San Valentín y las cosas del querer
Año 270. El cura Valentín casa a los soldados. Lo hace a escondidas porque el emperador de entonces, Claudio II, había prohibido el matrimonio para los hombres de guerra: sin ataduras pelearían mejor. Valentín es descubierto, lo ejecutan y así nace la leyenda del Día de los Enamorados. Como la Historia depende de quien la cuente, ese fue un resumen que elude los milagros y el mito. El amor, en cambio, se reescribe todo el tiempo, aún cuando el capitalismo lo haya institucionalizado. Hoy se venderán bombones y flores y promesas.
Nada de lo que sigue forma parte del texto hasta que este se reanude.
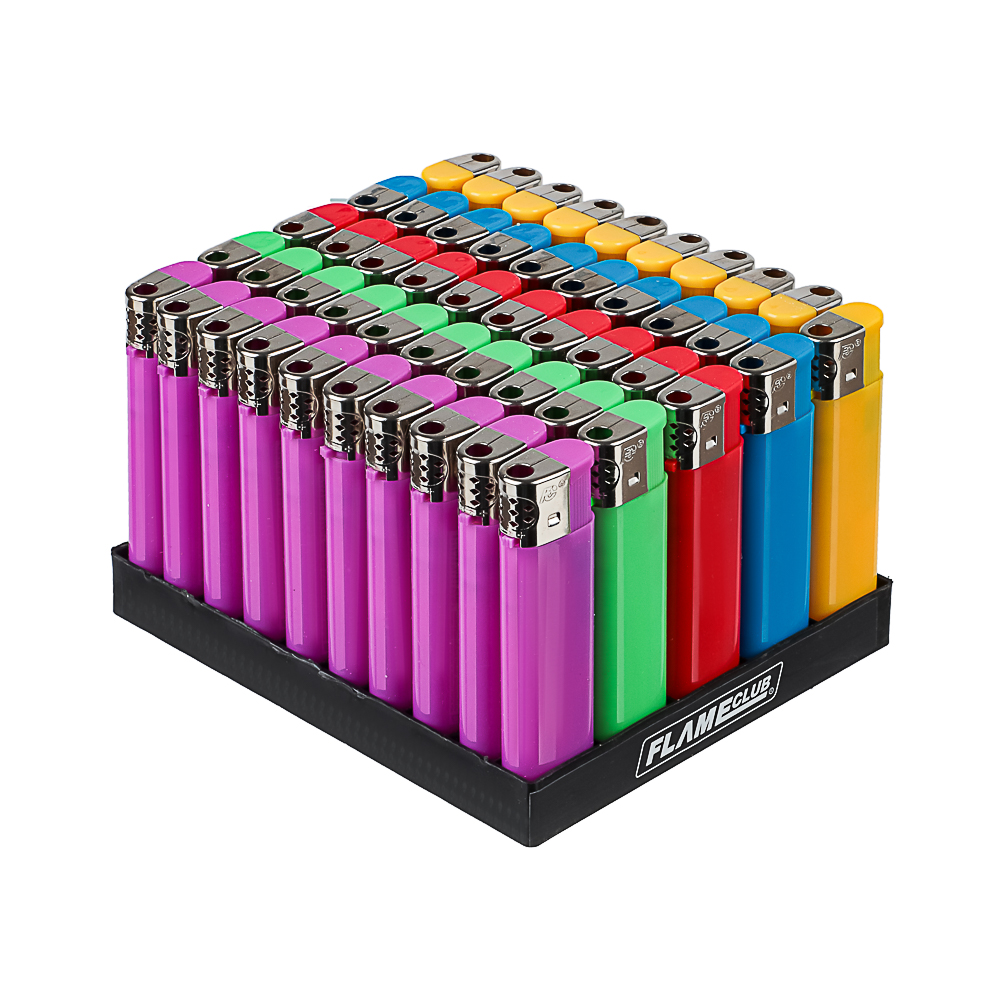Зажигалка пьезо тм FLAMECLUB, 8x2x1cм, 5 цветов, серия Р-02, арт.17704, арт.№ 101-043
Siglos después, las mujeres, las personas que se perciben como tales y los cuerpos gestantes seguimos reclamando territorios, propios y ajenos. Yo quiero flores, bombones y promesas, claro, pero también quiero emanciparme del amor tradicional, propio de una cultura con la que discuto, pero a la que pertenezco. Quiero que no me pase lo que le pasó a mi abuela y quiero reivindicar a mi madre. Quiero honrar a mis amigas, porque son ellas las que del mal amor te sacan en camilla, com o a Sabina.
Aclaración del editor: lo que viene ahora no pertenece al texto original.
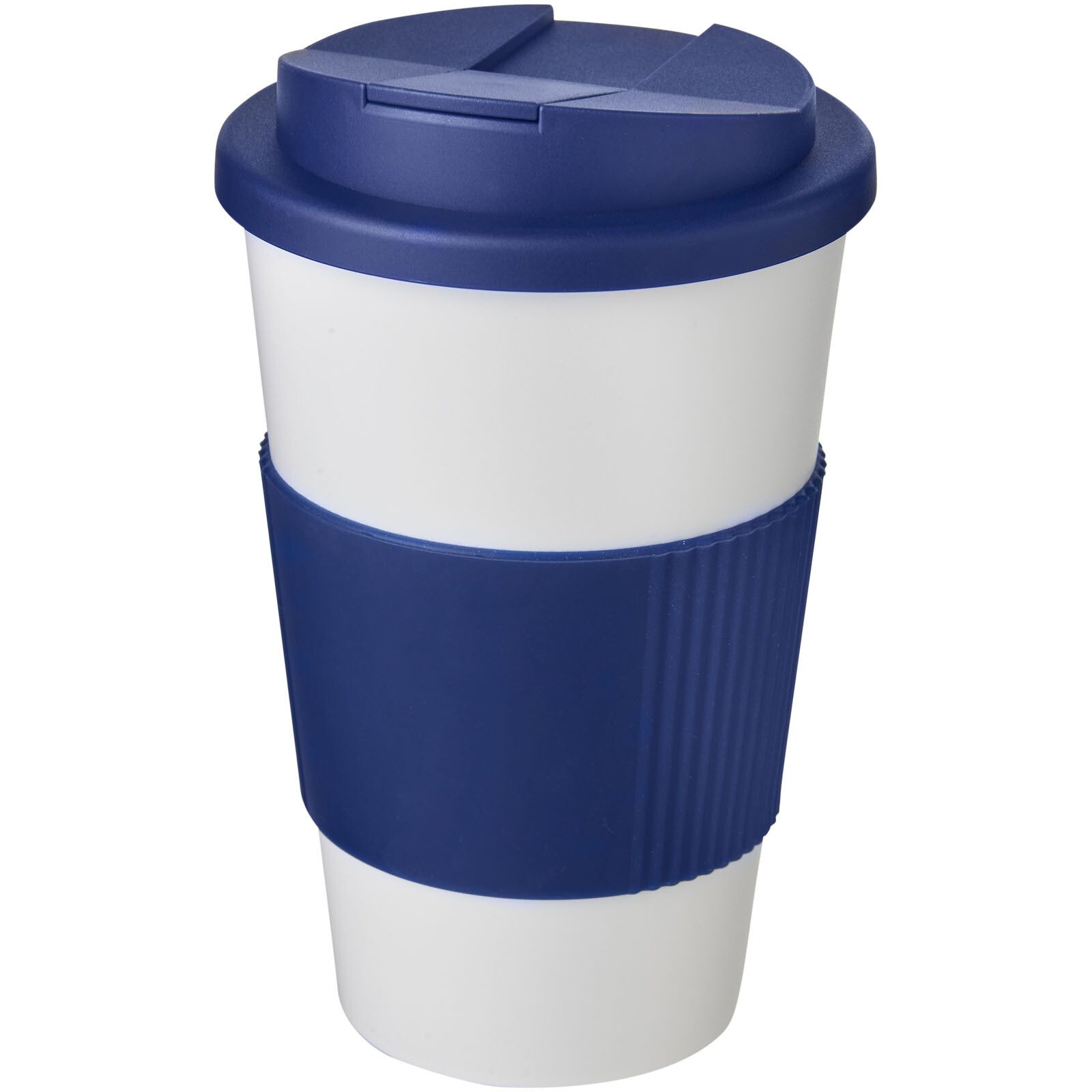 Americano 350 ml Isolierbecher mit Schutzring & auslaufsicherem Schraubverschluss - weiss -  blau-831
Quiero ganar como la profesional que soy, más que como un hombre. Quiero una ley que despenalice el aborto: quiero al Estado de mi lado y a la Iglesia, a un costado. Defiendo la práctica del autoamor, pero creo que pierde sentido si excluye al otre. En mi fe, el cuerpo no es sagrado. El respeto, sí. Quiero que no nos pongan precio en el mercado del deseo y que nadie huya ante un “te quiero”. Quiero ser parte de un movimiento feminista que no busque tener razón, sino que se construya (y reconstruya) en el debate. No son caprichos, son derechos.